- Supreme Court of Canada

Hearing: December 11, 12, 1990 Judgment: August 15, 1991
- Citations: [1991] 2 S.C.R. 525
- Docket No.: 22017

Court membership
- Chief Justice: Antonio Lamer Puisne Justices: Bertha Wilson, Gérard La Forest, Claire L'Heureux-Dubé, John Sopinka, Charles Gonthier, Peter Cory, Beverley McLachlin, William Stevenson

Reasons given
- Unanimous reasons by: Sopinka J.

= Reference Re Canada Assistance Plan (BC) =

Reference Re Canada Assistance Plan (BC), [1991] 2 S.C.R. 525 is a leading constitutional decision of the Supreme Court of Canada. The Court held that courts have a residual discretion to refuse to answer reference questions where there is insufficient legal content or where the court would be unable to provide a complete and accurate answer.

==Background==
Under the Canada Assistance Plan (a federal-provincial fiscal arrangement) the Parliament of Canada was contributing 50 per cent of the costs for social assistance and welfare in the province of British Columbia. sec. 8 of the Plan provided that the agreements entered between the federal Govt and the provinces to this respect would continue in force as long as the relevant provincial law was in operation, subject to termination by consent, or unilaterally by either party on a year's notice.

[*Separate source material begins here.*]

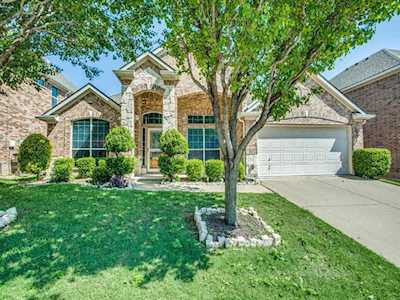 4025 Penny Royal Drive Fort Worth, TX 76244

In 1990, Federal Government introduced a bill that provided a cap on Ontario, BC and Alberta. The Lieutenant Governor in Council of British Columbia, referred to the British Columbia Court of Appeal two constitutional questions to determine:
1. whether the Government of Canada has any authority to limit its obligation under the Plan and its Agreement with British Columbia;
2. whether the terms of the Agreement, the subsequent conduct of the Government of Canada pursuant to the Agreement and the provisions of the Plan give rise to a legitimate expectation that the Government of Canada would introduce no bill into Parliament to limit its obligation under the Agreement or the Plan without the consent of British Columbia.

The Court of Appeal answered the first question in the negative and the second question in the affirmative.

==Reasons of the court==
The Court held that the issue was justiciable as there was a legal component to it. On the facts the Court found that the federal policy was constitutionally valid. The Court held that the power to enact, repeal, or amend Acts is well within the Parliamentary sphere. The Court also looked at the Interpretation Act which explicitly states these powers. Ultimately, the Court relied on the Interpretation Act in its decision, although it stated that the Parliament would not have been precluded from exercising its powers in the absence thereof.

==Procedural fairness==
It was argued by the Province that the Federal Government created a legitimate expectation by the language in the statute. The province alleged that an amendment required Provincial consent before a change was made to the statute. Justice Sopinka held that requiring the consent of the Province before allowing Parliament to amend the statute would produce a substantive outcome. The doctrine of legitimate expectations can only operate to provide procedural remedies.